• [Exercise brief] Please set down every line of the records below exactly, without the pictures.
(Information supplied)
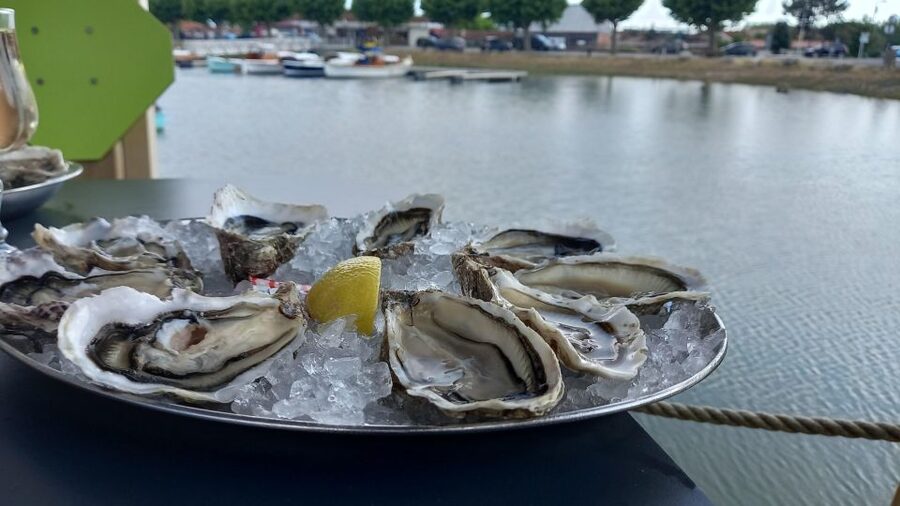 Dune du Pilat, Oysters Tasting and Arcachon! What else ? - Should you book the Dune du Pilat and oyster tour?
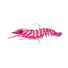 Hyper Pink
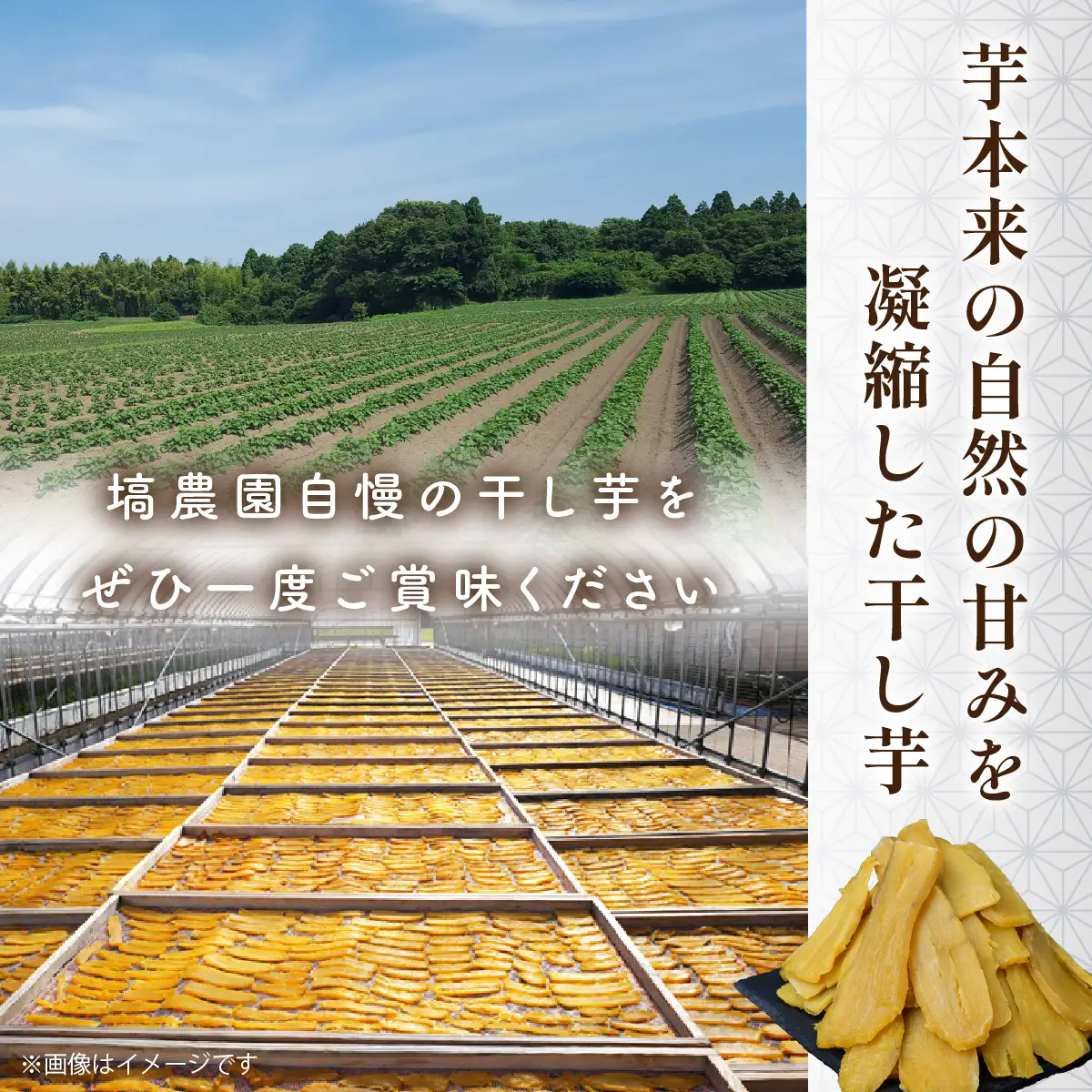 ねっとり食感　紅はるかの干し芋　平干し1kg×1箱 茨城県ひたちなか市産 ｜干し芋 紅はるか 平干し ほしいも
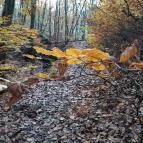 Szent Mihály-hegy Zebegény - Egyéb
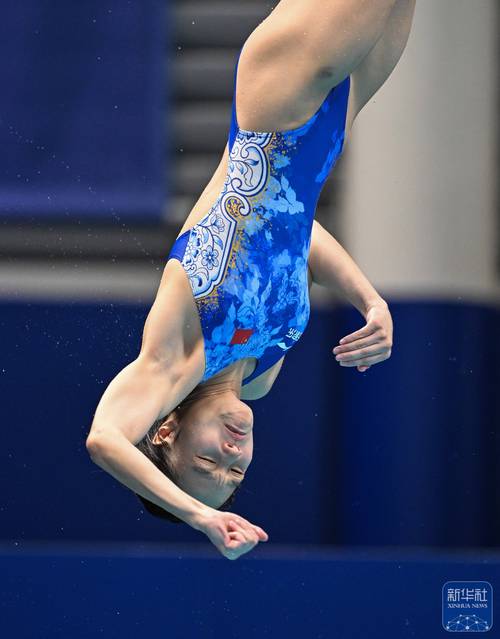 游泳世锦赛有跳水吗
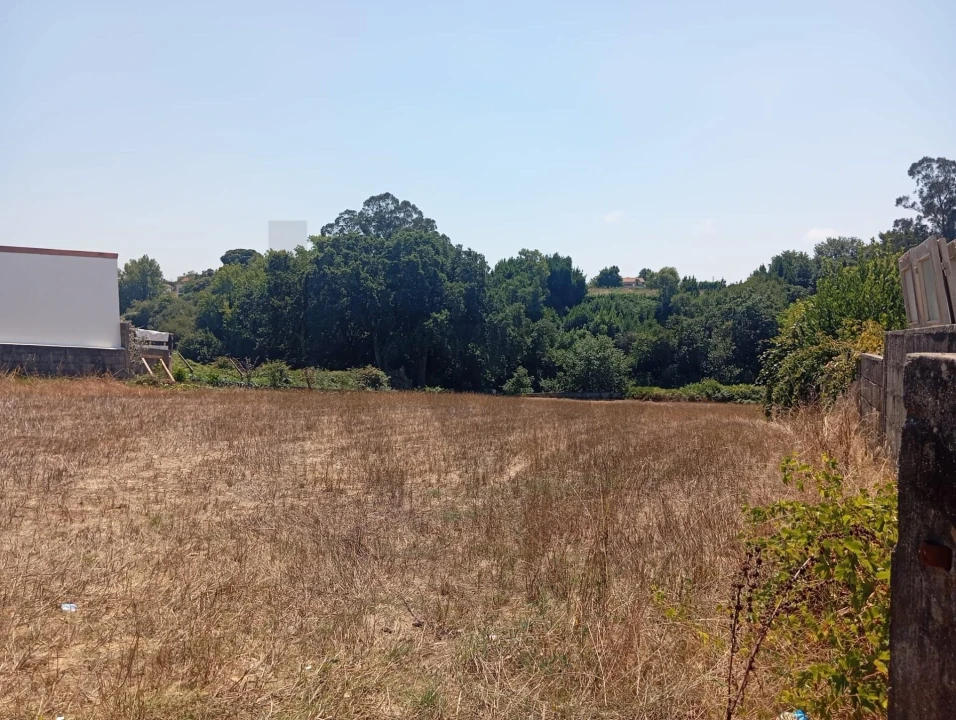 Terreno para Venda em Ovar, São João, Arada e São Vicente de Pereira Jusã Foto 2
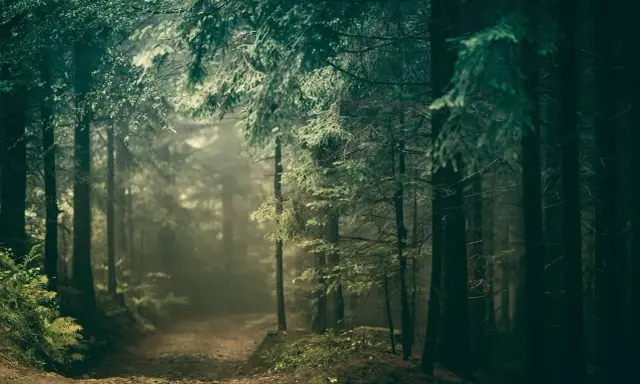 Mglisty szlak prowadzi przez gęste, mroczne **puszcze w Polsce**. Promienie słońca przebijają się przez konary drzew, tworząc magiczną atmosferę.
(End Information supplied)
• [Task solution]
 Dune du Pilat, Oysters Tasting and Arcachon! What else ? - Should you book the Dune du Pilat and oyster tour?
 Hyper Pink
 ねっとり食感　紅はるかの干し芋　平干し1kg×1箱 茨城県ひたちなか市産 ｜干し芋 紅はるか 平干し ほしいも
 Szent Mihály-hegy Zebegény - Egyéb
 游泳世锦赛有跳水吗
 Terreno para Venda em Ovar, São João, Arada e São Vicente de Pereira Jusã Foto 2
 Mglisty szlak prowadzi przez gęste, mroczne **puszcze w Polsce**. Promienie słońca przebijają się przez konary drzew, tworząc magiczną atmosferę.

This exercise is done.